EXERCISE DETAILS:
Copy only what lies from the line containing "Mujer mayor rebozando" through the line containing "corporate world. Drone" in the entries below, keeping both end lines exact and dropping every picture.

ENTRIES PROVIDED:
....................
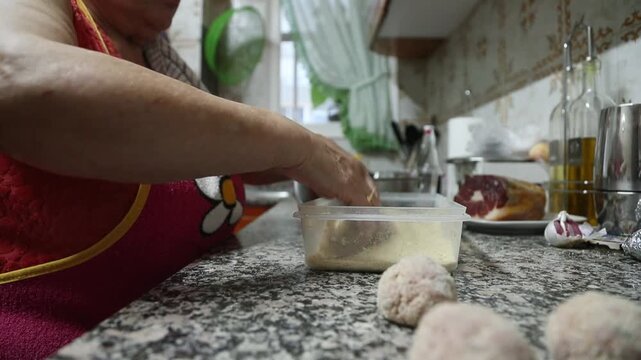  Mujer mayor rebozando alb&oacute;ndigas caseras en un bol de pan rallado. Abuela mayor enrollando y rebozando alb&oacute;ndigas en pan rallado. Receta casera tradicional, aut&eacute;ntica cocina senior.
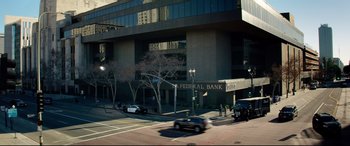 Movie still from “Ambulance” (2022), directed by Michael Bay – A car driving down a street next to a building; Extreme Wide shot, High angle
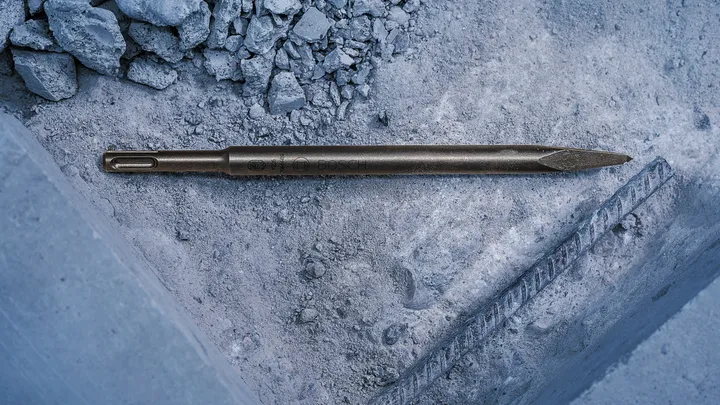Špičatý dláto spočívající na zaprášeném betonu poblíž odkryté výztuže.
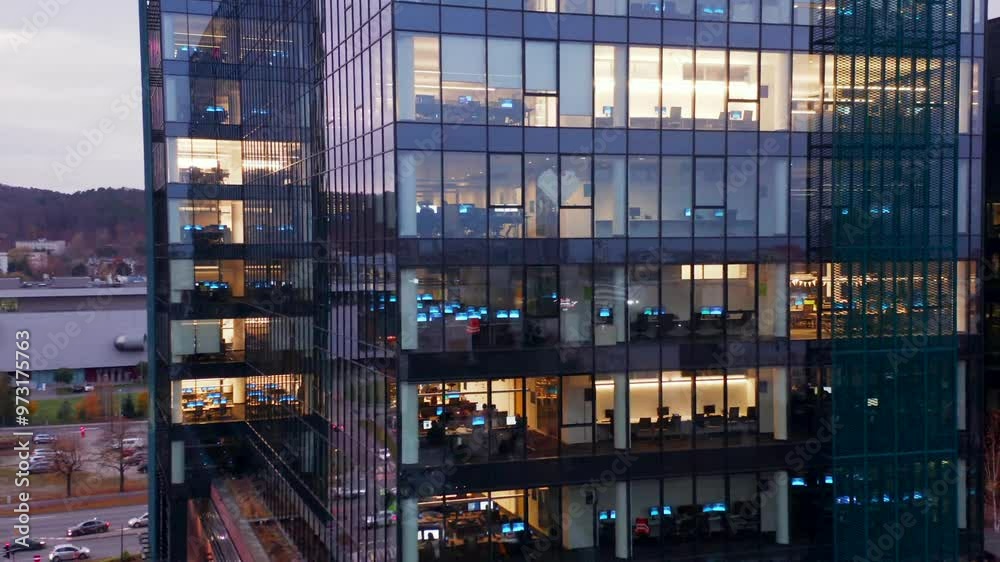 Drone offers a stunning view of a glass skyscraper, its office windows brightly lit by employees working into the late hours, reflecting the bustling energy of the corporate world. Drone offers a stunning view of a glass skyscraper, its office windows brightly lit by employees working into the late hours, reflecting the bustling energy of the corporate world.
....................
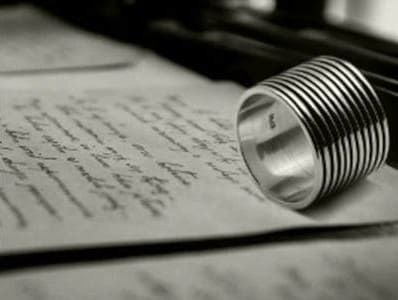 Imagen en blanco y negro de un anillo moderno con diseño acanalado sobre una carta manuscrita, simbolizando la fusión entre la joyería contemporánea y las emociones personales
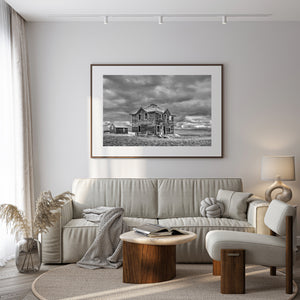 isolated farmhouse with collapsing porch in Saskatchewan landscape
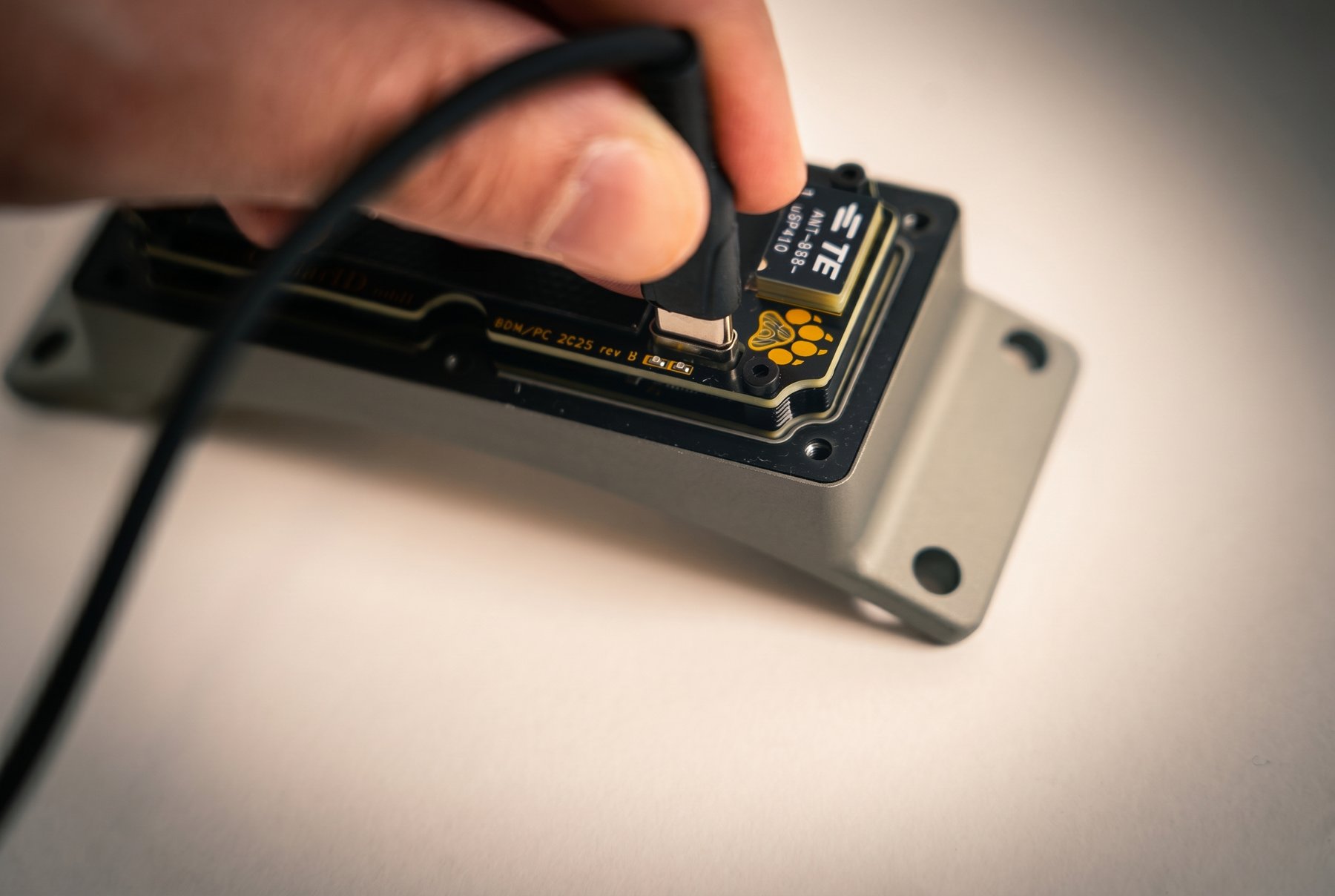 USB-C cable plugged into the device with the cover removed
....................
COMPLETED EXERCISE:
  Mujer mayor rebozando alb&oacute;ndigas caseras en un bol de pan rallado. Abuela mayor enrollando y rebozando alb&oacute;ndigas en pan rallado. Receta casera tradicional, aut&eacute;ntica cocina senior.
 Movie still from “Ambulance” (2022), directed by Michael Bay – A car driving down a street next to a building; Extreme Wide shot, High angle
Špičatý dláto spočívající na zaprášeném betonu poblíž odkryté výztuže.
 Drone offers a stunning view of a glass skyscraper, its office windows brightly lit by employees working into the late hours, reflecting the bustling energy of the corporate world. Drone offers a stunning view of a glass skyscraper, its office windows brightly lit by employees working into the late hours, reflecting the bustling energy of the corporate world.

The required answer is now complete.